** Source records follows **
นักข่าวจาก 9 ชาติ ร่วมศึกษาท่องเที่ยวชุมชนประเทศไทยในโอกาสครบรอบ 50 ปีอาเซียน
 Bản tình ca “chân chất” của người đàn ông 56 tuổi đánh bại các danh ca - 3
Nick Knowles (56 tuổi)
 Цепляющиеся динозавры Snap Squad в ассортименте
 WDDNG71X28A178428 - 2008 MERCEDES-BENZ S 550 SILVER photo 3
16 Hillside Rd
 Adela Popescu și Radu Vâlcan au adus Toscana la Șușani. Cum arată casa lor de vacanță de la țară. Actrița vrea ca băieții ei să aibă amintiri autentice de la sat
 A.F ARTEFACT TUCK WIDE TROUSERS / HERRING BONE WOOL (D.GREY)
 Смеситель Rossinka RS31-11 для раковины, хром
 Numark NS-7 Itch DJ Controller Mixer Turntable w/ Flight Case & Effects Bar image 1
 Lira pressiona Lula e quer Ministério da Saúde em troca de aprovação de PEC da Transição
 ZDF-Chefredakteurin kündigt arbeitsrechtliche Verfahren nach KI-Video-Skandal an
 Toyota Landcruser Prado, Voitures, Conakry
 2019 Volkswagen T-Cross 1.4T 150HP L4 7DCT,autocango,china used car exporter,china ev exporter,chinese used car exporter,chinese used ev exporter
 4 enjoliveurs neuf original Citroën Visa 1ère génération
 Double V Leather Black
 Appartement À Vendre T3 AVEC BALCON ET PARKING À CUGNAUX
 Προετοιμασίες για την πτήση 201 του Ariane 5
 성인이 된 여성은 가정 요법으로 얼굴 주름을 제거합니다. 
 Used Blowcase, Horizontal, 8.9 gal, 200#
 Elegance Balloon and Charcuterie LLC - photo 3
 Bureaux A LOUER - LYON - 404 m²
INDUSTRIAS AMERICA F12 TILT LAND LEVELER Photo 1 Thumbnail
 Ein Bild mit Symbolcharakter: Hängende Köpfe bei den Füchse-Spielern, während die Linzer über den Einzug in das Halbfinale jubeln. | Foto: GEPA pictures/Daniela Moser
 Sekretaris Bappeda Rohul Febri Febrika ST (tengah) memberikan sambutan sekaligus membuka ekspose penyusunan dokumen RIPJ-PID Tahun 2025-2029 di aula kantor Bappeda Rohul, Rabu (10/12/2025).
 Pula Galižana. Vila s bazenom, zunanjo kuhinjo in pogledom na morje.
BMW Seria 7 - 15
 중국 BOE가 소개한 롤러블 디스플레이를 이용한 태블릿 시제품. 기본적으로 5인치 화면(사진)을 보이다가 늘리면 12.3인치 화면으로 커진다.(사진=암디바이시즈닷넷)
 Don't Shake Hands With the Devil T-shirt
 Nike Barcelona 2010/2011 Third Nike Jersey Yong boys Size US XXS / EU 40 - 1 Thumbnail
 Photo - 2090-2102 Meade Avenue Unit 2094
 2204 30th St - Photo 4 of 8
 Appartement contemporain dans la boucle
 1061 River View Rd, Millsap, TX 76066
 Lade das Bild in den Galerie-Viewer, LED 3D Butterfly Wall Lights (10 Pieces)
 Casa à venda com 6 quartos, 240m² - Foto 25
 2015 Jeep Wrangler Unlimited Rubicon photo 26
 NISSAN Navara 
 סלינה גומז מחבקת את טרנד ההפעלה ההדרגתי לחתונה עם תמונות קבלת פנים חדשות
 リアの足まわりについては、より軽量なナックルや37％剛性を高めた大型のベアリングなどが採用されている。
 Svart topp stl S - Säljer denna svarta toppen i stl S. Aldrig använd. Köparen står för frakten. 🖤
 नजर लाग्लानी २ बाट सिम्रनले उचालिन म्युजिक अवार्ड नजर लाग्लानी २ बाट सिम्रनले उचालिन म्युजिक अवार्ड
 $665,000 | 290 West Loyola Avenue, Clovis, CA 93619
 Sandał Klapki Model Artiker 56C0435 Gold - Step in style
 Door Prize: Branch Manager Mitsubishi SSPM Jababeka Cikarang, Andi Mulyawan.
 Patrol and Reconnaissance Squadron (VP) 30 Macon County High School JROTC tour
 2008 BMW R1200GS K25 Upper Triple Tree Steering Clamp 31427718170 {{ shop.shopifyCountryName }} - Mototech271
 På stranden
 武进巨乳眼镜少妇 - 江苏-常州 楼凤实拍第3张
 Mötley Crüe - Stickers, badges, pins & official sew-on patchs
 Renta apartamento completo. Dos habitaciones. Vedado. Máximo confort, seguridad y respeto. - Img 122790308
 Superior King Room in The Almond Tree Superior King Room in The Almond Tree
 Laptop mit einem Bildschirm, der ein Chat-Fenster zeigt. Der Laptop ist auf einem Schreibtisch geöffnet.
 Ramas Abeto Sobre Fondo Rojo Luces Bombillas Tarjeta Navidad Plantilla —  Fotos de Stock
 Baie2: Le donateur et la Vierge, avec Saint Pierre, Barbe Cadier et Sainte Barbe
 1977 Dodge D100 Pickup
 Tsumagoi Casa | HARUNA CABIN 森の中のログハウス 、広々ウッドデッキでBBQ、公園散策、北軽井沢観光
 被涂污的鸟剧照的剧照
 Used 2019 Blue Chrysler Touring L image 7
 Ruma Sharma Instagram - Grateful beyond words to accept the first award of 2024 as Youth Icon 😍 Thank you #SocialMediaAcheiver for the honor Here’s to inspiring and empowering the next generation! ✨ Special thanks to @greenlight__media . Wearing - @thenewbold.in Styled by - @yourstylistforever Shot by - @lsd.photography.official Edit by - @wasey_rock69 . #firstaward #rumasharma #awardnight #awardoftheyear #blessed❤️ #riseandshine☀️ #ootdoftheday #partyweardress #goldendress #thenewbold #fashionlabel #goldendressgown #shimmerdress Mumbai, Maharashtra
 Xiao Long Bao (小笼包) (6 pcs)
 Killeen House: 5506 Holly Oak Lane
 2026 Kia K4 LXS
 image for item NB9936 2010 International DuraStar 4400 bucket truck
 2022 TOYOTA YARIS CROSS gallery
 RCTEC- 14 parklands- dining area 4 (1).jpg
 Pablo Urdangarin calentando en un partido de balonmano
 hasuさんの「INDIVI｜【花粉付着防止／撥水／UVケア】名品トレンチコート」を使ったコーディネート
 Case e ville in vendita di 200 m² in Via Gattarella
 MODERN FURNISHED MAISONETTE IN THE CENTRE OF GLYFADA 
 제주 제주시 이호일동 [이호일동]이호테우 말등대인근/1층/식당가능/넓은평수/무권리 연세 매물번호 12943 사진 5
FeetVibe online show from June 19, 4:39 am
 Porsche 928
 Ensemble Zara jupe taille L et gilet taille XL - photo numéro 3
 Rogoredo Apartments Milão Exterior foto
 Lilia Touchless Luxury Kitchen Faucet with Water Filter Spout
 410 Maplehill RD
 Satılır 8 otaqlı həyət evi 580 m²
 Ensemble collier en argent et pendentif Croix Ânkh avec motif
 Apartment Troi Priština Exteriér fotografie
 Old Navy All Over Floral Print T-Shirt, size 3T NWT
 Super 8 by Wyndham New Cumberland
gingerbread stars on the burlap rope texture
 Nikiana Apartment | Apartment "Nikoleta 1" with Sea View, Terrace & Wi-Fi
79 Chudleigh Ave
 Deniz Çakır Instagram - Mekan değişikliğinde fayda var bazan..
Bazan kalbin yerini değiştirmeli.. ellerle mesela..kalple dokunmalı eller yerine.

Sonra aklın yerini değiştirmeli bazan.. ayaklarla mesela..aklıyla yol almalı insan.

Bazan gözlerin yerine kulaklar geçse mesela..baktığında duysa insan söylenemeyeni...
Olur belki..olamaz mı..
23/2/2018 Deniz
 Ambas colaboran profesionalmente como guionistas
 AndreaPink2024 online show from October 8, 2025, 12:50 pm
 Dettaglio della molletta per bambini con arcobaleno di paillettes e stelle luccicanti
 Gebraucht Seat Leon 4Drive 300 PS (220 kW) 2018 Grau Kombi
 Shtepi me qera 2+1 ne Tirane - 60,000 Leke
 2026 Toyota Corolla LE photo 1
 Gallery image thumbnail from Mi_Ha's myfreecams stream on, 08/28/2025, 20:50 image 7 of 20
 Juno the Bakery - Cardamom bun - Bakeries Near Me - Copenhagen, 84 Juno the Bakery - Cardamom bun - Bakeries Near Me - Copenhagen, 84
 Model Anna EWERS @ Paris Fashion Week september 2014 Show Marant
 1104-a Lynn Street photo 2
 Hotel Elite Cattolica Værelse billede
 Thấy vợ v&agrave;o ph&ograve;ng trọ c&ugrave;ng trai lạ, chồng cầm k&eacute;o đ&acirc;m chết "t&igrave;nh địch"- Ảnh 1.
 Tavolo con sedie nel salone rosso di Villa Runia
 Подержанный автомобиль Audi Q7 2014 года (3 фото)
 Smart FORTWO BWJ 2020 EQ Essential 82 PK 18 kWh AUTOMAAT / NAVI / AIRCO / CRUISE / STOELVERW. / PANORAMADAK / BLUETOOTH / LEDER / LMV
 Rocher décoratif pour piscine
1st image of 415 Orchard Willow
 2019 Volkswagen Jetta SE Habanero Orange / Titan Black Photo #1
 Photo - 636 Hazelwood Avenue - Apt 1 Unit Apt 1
** End of Source records **
> _Work request_
Report each line of the data that includes the string "yerine".

> _Response to this task_
Bazan kalbin yerini değiştirmeli.. ellerle mesela..kalple dokunmalı eller yerine.
Bazan gözlerin yerine kulaklar geçse mesela..baktığında duysa insan söylenemeyeni...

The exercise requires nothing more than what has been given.